In 2008, Dutko Worldwide reported $20.3 million in federal lobbying income, a decrease of 9% from 2007.

In late 2009, Huntsworth, the UK-based global public relations and health care communications group, acquired Dutko Worldwide to become Huntsworth's primary public affairs brand.

In 2019, DC–based Dutko Grayling lobbying firm reported 4 lobbyists and $2,280,000 in lobbying expenditures, down from 64 lobbyists and $22,771,500 in lobbying expenditures in 2007.

==Campaigns and clients==
===Industry-supported "consumer" groups===

According to The Hill Staff's biweekly listing of the top lobbyists in a specific industry DW was one of the major contributors in developing the Consumer Alliance for Affordable Natural Gas, an effort launched by major chemical companies that want to reach a critical lobbying mass by joining industry and consumer groups together in a campaign to lower natural-gas prices. Companies such as American Chemistry Council, American Forest and Paper Association, Dow Chemical, DuPont, Rohm and Haas, and the Society of Plastic Industries want to cut the rising price of natural gas - which the companies use both to fuel plant production and as a feedstock for their products — by encouraging more drilling and new conservation efforts.

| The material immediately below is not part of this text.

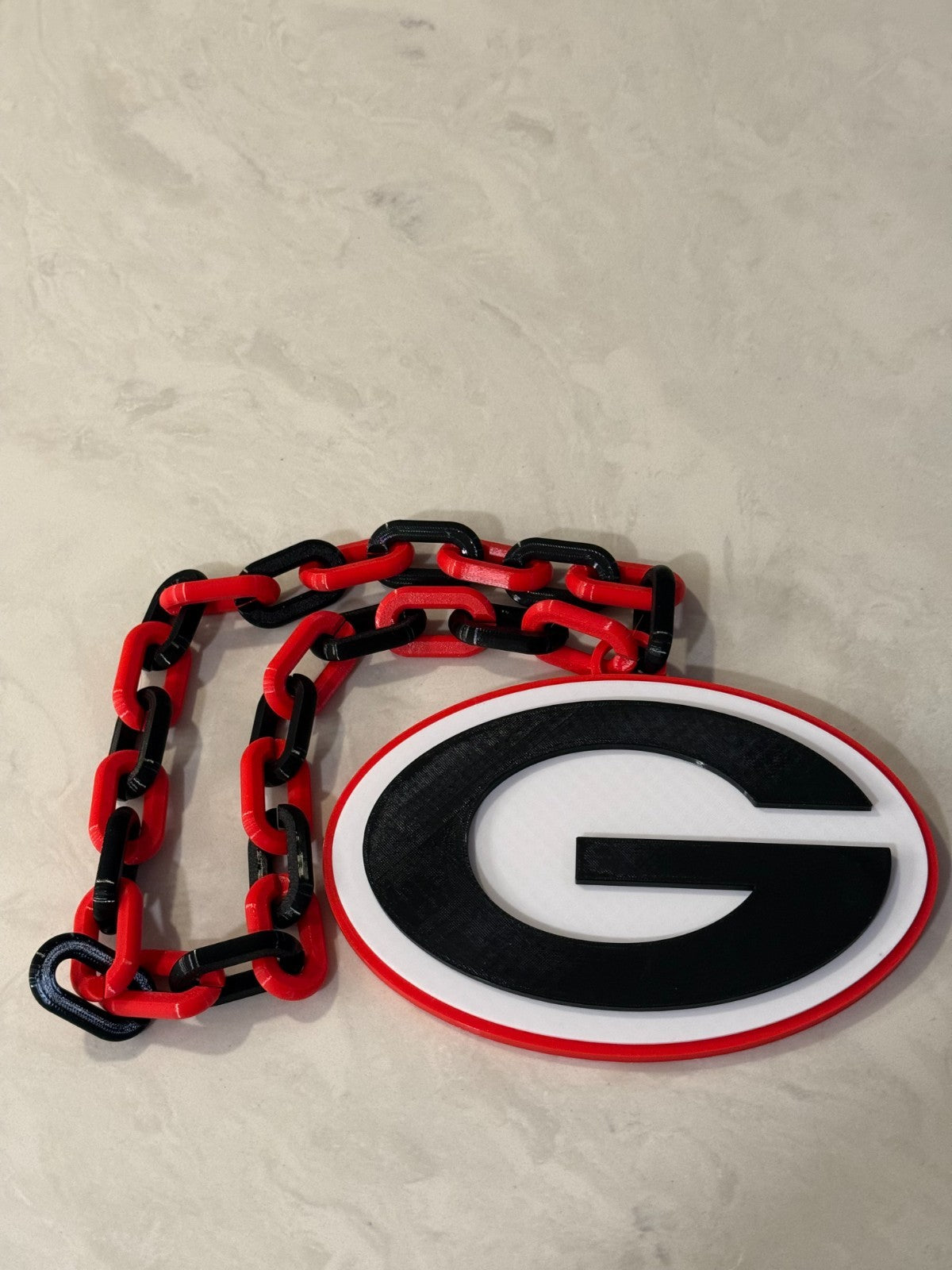 Georgia Bulldogs Logo Oversized Necklace, Hype Pendant Chain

===Election-related activity===

According to the Center for Public Integrity, DW has also received payment from some 527 groups, including the Democratic Attorneys General Association, Inc. and the National Conference of Democratic Mayors. DW, in turn, donated to several 527s, including the Republican Governors Association, the Democratic Governors Association, DASHPAC – Nonfederal Account, and the Rely on Your Beliefs Fund. Individuals associated with DW donated more than $267,000 to federal candidates and parties during the 2004 elections; the firm does not have an associated political action committee.

===Industry clients===
Top Dutko Worldwide clients include many telecom and media companies, like AT&T Wireless, Level 3 Communications Inc., Sprint, Satellite Broadcasting & Communication Association, Comptel/ASCENT, Cumulus Media and Time Warner.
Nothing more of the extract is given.